Mercedes-Benz 320 Cabriolet by Wendler
Kennen Sie die Karosseriebaufirma Wendler aus Reutlingen? Am bekanntesten wurde der kleine Betrieb durch den Aufbau der Leichtmetallkarosserien für den Porsche 550 Spyder. Gegründet wurde die Firma jedoch bereits 1840 durch den Stellmacher Erhard Wendler. Bis in die 1920er hinein stellte man ausschließlich Kutschen her. Durch den angestellten Konstrukteur Helmut Schwandner erfolgte schließlich der Umstieg auf PKW-Karosserien für angelieferte Fahrgestelle. Bis zum Zweiten Weltkrieg entstanden knapp unter 300 unterschiedliche Aufbauten im Kundenauftrag.
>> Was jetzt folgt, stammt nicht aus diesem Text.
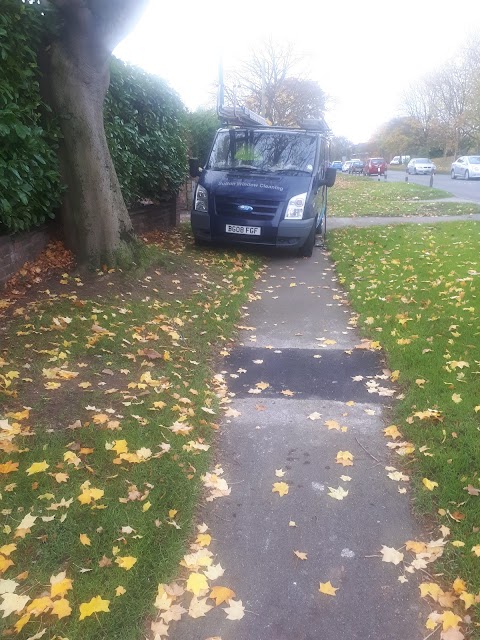 Sutton Window Cleaning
Nach dem Krieg nahm man das allgemeine Interesse an neuen Formen, speziell den so genannten Ponton-Karosserien auf und entwickelte eigene Aufbauten für Vorkriegs-Chassis. Zudem erstellte man Cabrio-Umbauten, beispielsweise auf Basis des Volkswagen Käfer oder des Gutbrod Superior. Kurz nach dem Porsche-Großauftrag für den 550 Spyder verlagerte man das Hauptgeschäftsfeld auf Karosseriereparaturen, später auf Oldtimer-Restaurierungen und den Sonderaufbau von gepanzerten Limousinen. 2000 schlitterte das Mutterunternehmen in die Insolvenz und führte damit auch zur baldigen Schließung von Wendler.
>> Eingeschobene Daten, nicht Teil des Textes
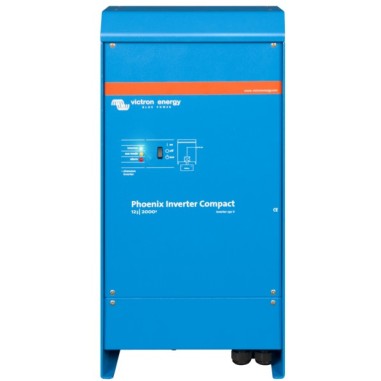 Inversor Victron C 12V/2000VA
Zwischen 1937 und 1942 lief bei Mercedes-Benz der Typ W142, landläufig als 320 bekannt, vom Band. Fahrwerksseitig übernahm man dabei die Basis des Vorgängermodells 290 (W18) mit Querblattfeder und Schraubenfedern an der Vorderachse sowie einer Pendelachse hinten. Zwei verschiedene Radstände sowie diverse verschiedene Werkskarosserien oder nackte Chassis standen den Kunden zur Wahl. Unter der Motorhaube saß der namensgebende, 3,2 Liter große Reihensechszylindermotor mit 57 kW/78 PS und 218 Newtonmetern Drehmoment. Über ein Viergang-Getriebe gelangen die Kräfte auf die Hinterräder. Je nach Karosserieform versprach Mercedes-Benz bis zu 126 km/h Höchstgeschwindigkeit. Insgesamt entstanden bis zur kriegsbedingten Fertigungseinstellung rund 5.000 Exemplare.
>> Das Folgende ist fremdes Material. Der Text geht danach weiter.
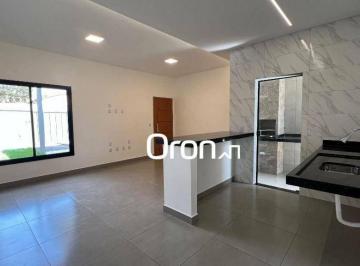 ccb78131b26f265a3f8ed2e6877ae2011253f542 · Casa com 2 dormitórios à venda, 96 m² por R$ 350.000,00 - Vila Oliveira - Aparecida de Goiânia/GO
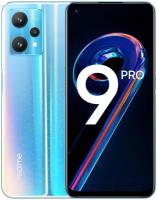 Смартфон realme 9 Pro+ 8/128 ГБ RU, Dual nano SIM, синий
Soviel zur Vorgeschichte. Wie beschrieben entstanden nach dem Zweiten Weltkrieg bei Wendler einige Ponton-Karosserien für Fahrgestelle aus der Vorkriegszeit. Vermutlich waren darunter nur insgesamt vier Cabriolets, von denen eins auf das Chassis eines 1937er Mercedes-Benz 320 gesetzt wurde. Im Kundenauftrag entstand dabei ein schön geformtes Fahrzeug, das neben den damals modernen Ponton-Formen mit integrierten Kotflügeln und ohne seitliche Trittbretter die typischen, hinten angeschlagenen ‚Selbstmördertüren‘ aus Vorkriegstagen beibehielt. Zwischen Türen und Vorderrädern brachte Wendler hinter geschickt verborgenen Klappen die Ersatzräder unter. Ein knapp geschnittenes Stoffverdeck lässt den Wagen auch geschlossen sportlich erscheinen. Im breiten Kühlergrill fand ein Zusatzscheinwerfer seinen Platz, während das berühmte Markenlogo der Stuttgarter an der Front lediglich als kleines Emblem auf der Motorhaube vorkommt. Am Heck prangt der dreizackige Stern dafür verchromt und ein wenig größer.
Genau dieses Einzelstück wurde 1950 in einem Artikel der Fachzeitschrift ‚Das Auto‘ abgedruckt und für den Messestand von Wendler auf dem Autosalon Reutlingen genutzt. Anschließend sind bis heute lediglich zwei Besitzer im Brief verzeichnet. In den 1980er Jahren erfolgte eine fünfjährige Restaurierung in Augsburg. 1994 kaufte der heutige Besitzer das Fahrzeug und nutzte es seither regelmäßig für Oldtimer-Ausfahrten. Nun steht der Mercedes-Benz 320 mit der Cabriolet-Karosserie von Wendler auf der Techno Classica.